Also WIR würden Twitter ja kaufen, wenn wir könnten!

Von der Social Media Plattform Twitter hört man ja im Moment nicht so viele gute Nachrichten. Es findet sich irgendwie kein Käufer und dann die letzten Tage Meldungen über erhebliche Jobkürzungen. Und die Zukunft wird teilweise auch echt mies geredet.
Aber Twitter ist nicht tot! Twitter ist unheimlich lebendig, schnell, echt und nah dran!

Privat auf Twitter unterwegs

Lange habe ich mich „damals“ privat ein wenig gegen Twitter gesträubt. Dachte „du hast doch schon Facebook – wo soll da der Unterschied sein?!“ Das ist doch wieder nur ein neuer Zugang, ein neues Passwort das du dir merken musst. Lästig. Und nachdem ich mich dann doch testweise angemeldet hatte, waren die ersten Kennenlern-Klicks auch wirklich sehr befremdlich. Erstmal.

Aber dann haben wir uns angefreundet – sehr gut sogar! Und seitdem ist Twitter eine App, die auf keinen Fall auf meinem Smartphone fehlen darf! Twitter ist anders als Facebook. Auch wenn wir User es lieben Bilder und Videos zu konsumieren – die Tweets (also die kurzen Textnachrichten) haben ihren ganz eignen Reiz! Die ersten Tage war ich erstaunt darüber, wie viele tolle Sachen man dort lesen kann – mit wenigen Zeichen auf den Punkt gebracht! Witziges, sarkastisches, Alltagsweisheiten oder ähnliches. Unzählige Tweets sprudeln nur so über vor Wort-Kreativität. Anfänglich muss man natürlich erstmal schauen, wem man „folgen“ möchte, aber nach und nach hat man dann irgendwann seine ganz persönliche „Filter-Bubble“, in der es fast ausschließlich um Themen geht, die einen interessieren!
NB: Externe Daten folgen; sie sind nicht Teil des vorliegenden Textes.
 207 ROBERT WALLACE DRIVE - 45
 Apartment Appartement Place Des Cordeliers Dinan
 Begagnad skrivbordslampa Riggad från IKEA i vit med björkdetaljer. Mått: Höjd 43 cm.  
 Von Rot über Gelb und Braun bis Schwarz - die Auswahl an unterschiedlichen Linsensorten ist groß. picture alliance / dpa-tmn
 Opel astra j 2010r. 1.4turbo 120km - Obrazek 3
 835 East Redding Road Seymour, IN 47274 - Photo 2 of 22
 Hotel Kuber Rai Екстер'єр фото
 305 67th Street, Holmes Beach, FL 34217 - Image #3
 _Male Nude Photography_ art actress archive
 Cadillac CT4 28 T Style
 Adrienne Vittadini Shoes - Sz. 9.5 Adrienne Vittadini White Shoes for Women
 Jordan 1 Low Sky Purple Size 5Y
Worüber spricht die Social-Media-Welt?

Darüber hinaus kann man aber auch einfach mal die Trends beobachten – Themen über die die Twitterwelt gerade angeregt „diskutiert“. Sonntag Abends findet man übrigens oft den #Tatort in den Trends und es ist eine Erfahrung wert, beides einmal parallel zu verfolgen. Man hat das Gefühl mit einer großen Gemeinschaft zu konsumieren und zu kommentieren. Das muss ja deswegen nicht zur Gewohnheit werden 😉

Politische Themen werden übrigens ebenso diskutiert – News im Allgemeinen kann man sehr gut über Twitter verfolgen!

Das Interessante ist aber: auch wenn durchaus Werbung (ob direkt oder indirekt) in der eigenen Timeline hat  – vieles fühlt sich „näher“, persönlicher und direkter an. Und genau hier sehe ich auch den großen Vorteil für Unternehmen in Twitter.

Twitter macht Unternehmen greifbarer

Das ist nichts Neues! Twitter kann den Kommunikationsweg vom Kunden zum Unternehmen erheblich verkleinern – viele große Firmen nutzen diesen Kanal bereits erfolgreich!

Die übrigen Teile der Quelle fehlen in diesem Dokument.